DATA FOR REVIEW START

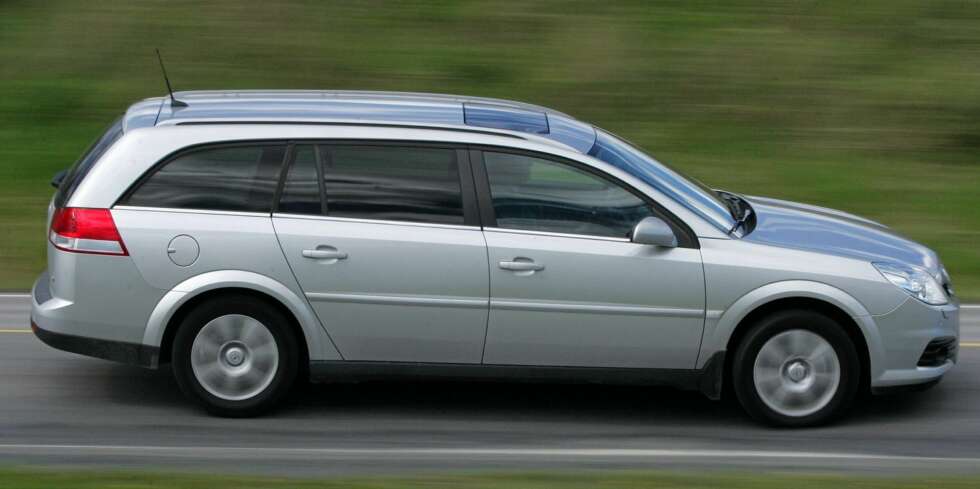 SJEKK: Opel Vectra er en stor familiebil med mye plass, som kan fås til ganske gunstige priser. Men husk å sjekke understell/styring og avgasser. SJEKK: Opel Vectra er en stor familiebil med mye plass, som kan fås til ganske gunstige priser. Men husk å sjekke understell/styring og avgasser.
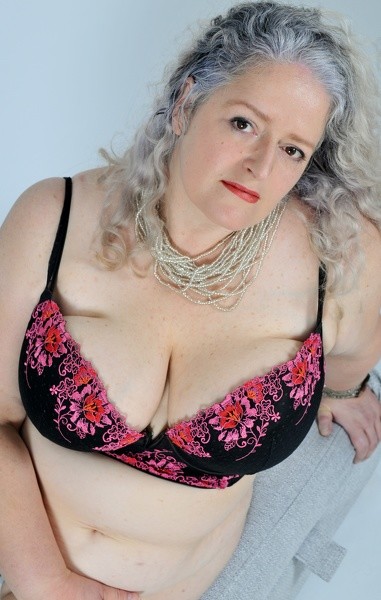 Live sex webcam photo for HelenStarUK #6036289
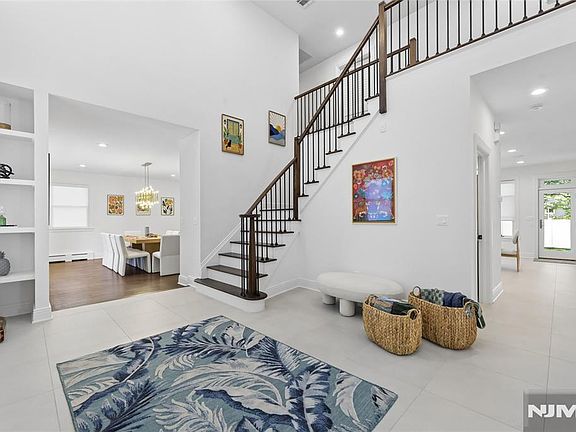 3rd image of 337 Franklin Street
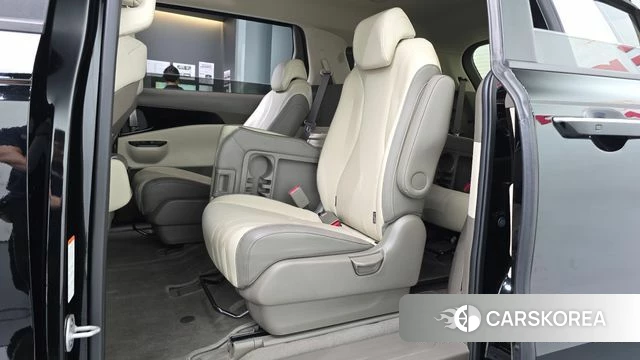 Kia Carnival 4th generation 2023 Черный из Кореи, фото 2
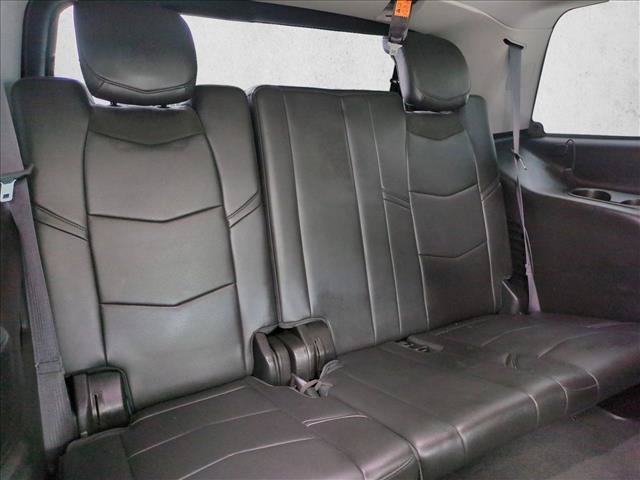 Used 2015 Cadillac Escalade Luxury RWD image 23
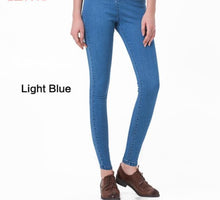 Load image into Gallery viewer, Push Up Jeans
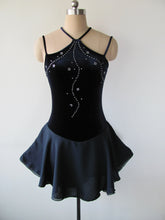 Lade das Bild in den Galerie-Viewer, Schwarz Kürkleid Eiskunstlaufklei Rollkunstlaufen Tanzkleid Tanzmariechen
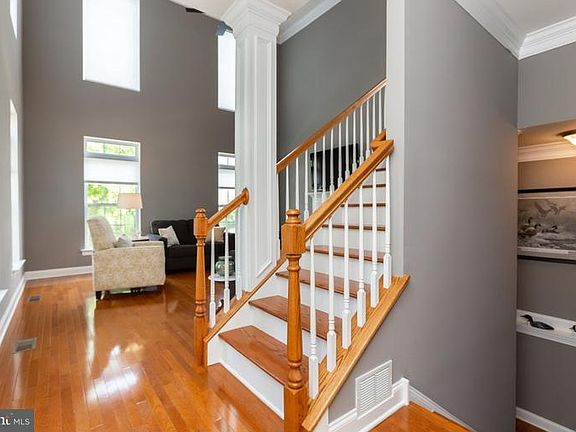 2nd image of 315 Ellenwood Dr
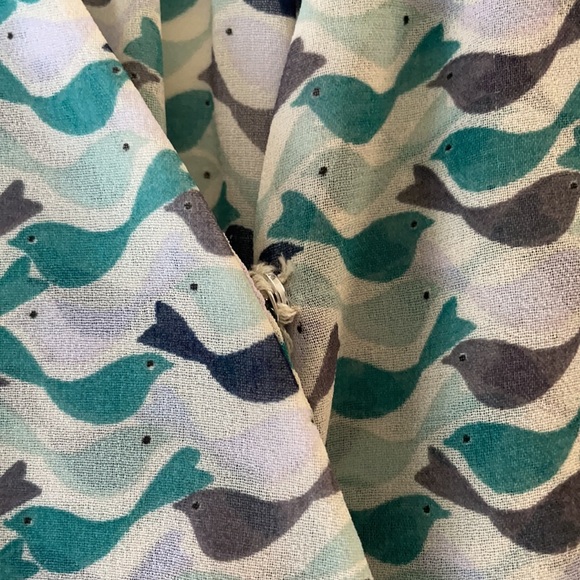 So cute! CAbi top. Women’s size L - Picture 7 of 7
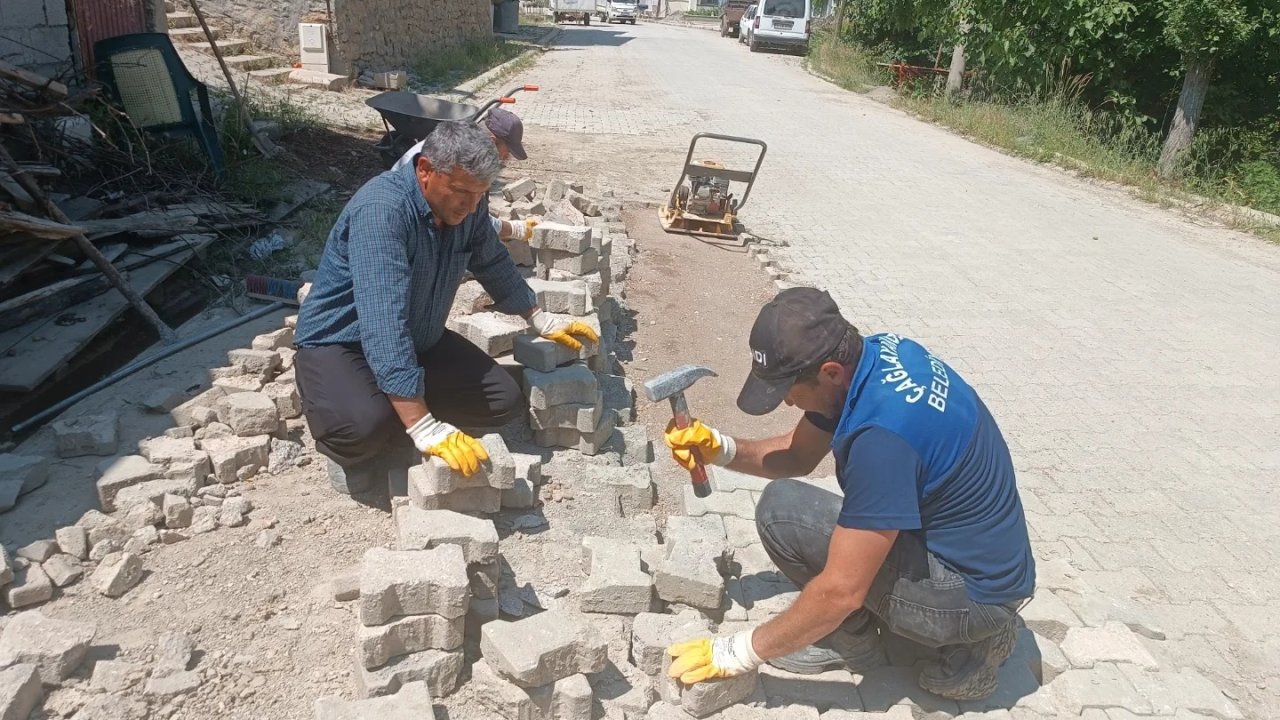 Çağlayancerit'te Altyapı Çalışmaları Hız Kesmeden Devam Ediyor!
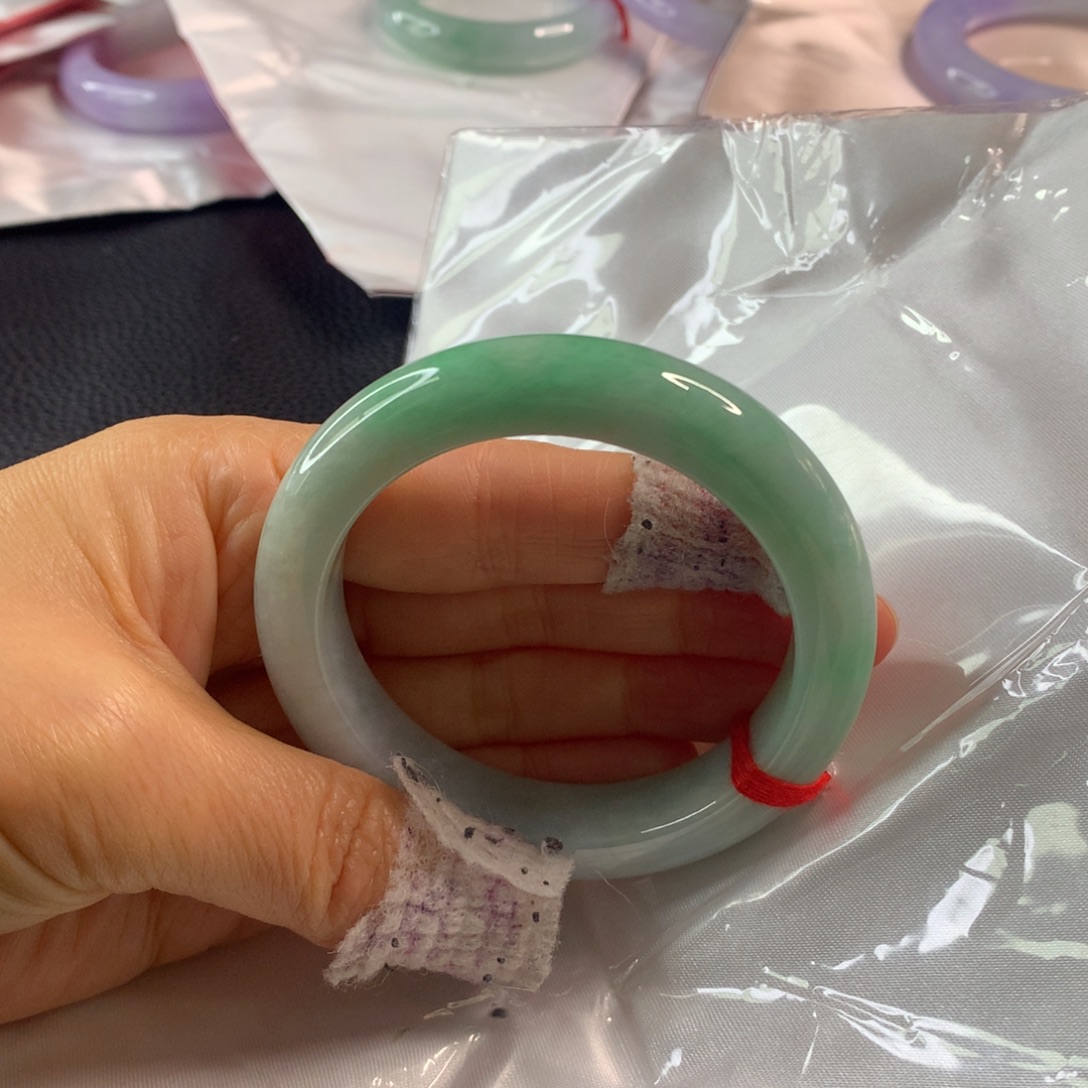 翡翠未镶嵌手镯翡翠手镯54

DATA FOR REVIEW END

What you return should be the whole listing, word for word, without its pictures.

### RESULT FOR THIS TASK
 SJEKK: Opel Vectra er en stor familiebil med mye plass, som kan fås til ganske gunstige priser. Men husk å sjekke understell/styring og avgasser. SJEKK: Opel Vectra er en stor familiebil med mye plass, som kan fås til ganske gunstige priser. Men husk å sjekke understell/styring og avgasser.
 Live sex webcam photo for HelenStarUK #6036289
 3rd image of 337 Franklin Street
 Kia Carnival 4th generation 2023 Черный из Кореи, фото 2
 Used 2015 Cadillac Escalade Luxury RWD image 23
 Load image into Gallery viewer, Push Up Jeans
 Lade das Bild in den Galerie-Viewer, Schwarz Kürkleid Eiskunstlaufklei Rollkunstlaufen Tanzkleid Tanzmariechen
 2nd image of 315 Ellenwood Dr
 So cute! CAbi top. Women’s size L - Picture 7 of 7
 Çağlayancerit'te Altyapı Çalışmaları Hız Kesmeden Devam Ediyor!
 翡翠未镶嵌手镯翡翠手镯54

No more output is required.